This guide will give you advice from the express viewpoint of a beginner who has no idea where square one is. You will outgrow this advice as you tinker with A1111.

When I first started with A1111 and Stable Diffusion, I was always so frustrated that my images didnt look anything like the rest of the community's images, but I didn't know where to start. If you feel that way, this guide is for you.

Yeah, I'm not reading any of this, just give me the values, ok?

Copy paste string:

Steps: 35, Sampler: DPM++ 2M Karras, CFG scale: 7, Size: 512x768, Denoising strength: 0.4, Clip skip: 2, Hires upscale: 2, Hires steps: 15, Hires upscaler: 4x_NMKD-Siax_200k

If 4x_NMKD_Siax_200k cant be found, read the upscaler section.

If Clip skip is in the Override Settings box, read the clip skip section.


So you finally took the plunge and installed Stable Diffusion. You got the web console running and now you're staring at this; a blank canvas.

Ok, so now what? Suddenly, you are face to face with your own creativity, and you realize you don't know the steps to create the vision in your head. That's where this guide comes in. We aren't going to focus on inpainting, img2img, controlnet, or any of the other neat things you can do with Stable Diffusion. We need to walk before we can run.

If you are interested inpainting, img2img, or controlnet, I highly recommend A13JM's guide - Making Images Great Again!

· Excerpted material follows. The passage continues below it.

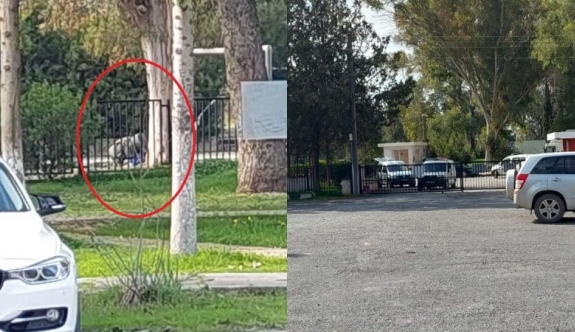 Lefkoşa Türk Lisesi Önündeki İki Paket Polisi Alarma Geçirdi...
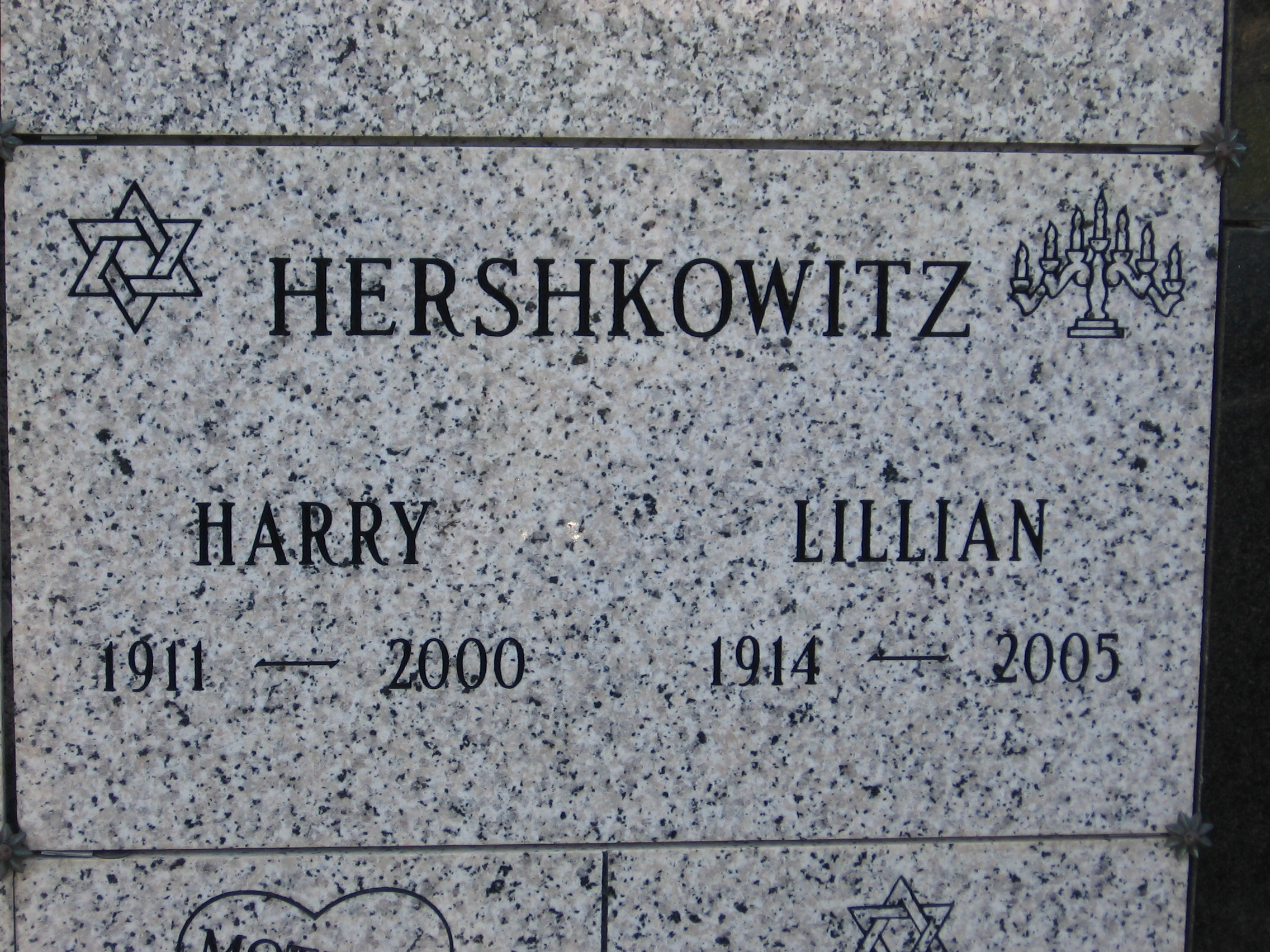 Harry Hershkowitz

Everyone has their own workflow. My workflow will be different then your workflow, which will be different than some other persons workflow, and that's just fine. But when you're first starting out, it's so many settings and number values thrown at you all at once, that you don't have any idea what does what, much less a well defined workflow.

So, lets ignore all those settings and number values for now, and lets learn one setting at a time.

This guide assumes you have a pretty decent GPU to generate images like a RTX 2080 or a RTX 3070 minimum, and you are running Automatic1111 locally.

Setup To Follow Along

For this guide I am also going to use the excellent model Rev Animated v1.2.2 as its generally very forgiving, and permissive.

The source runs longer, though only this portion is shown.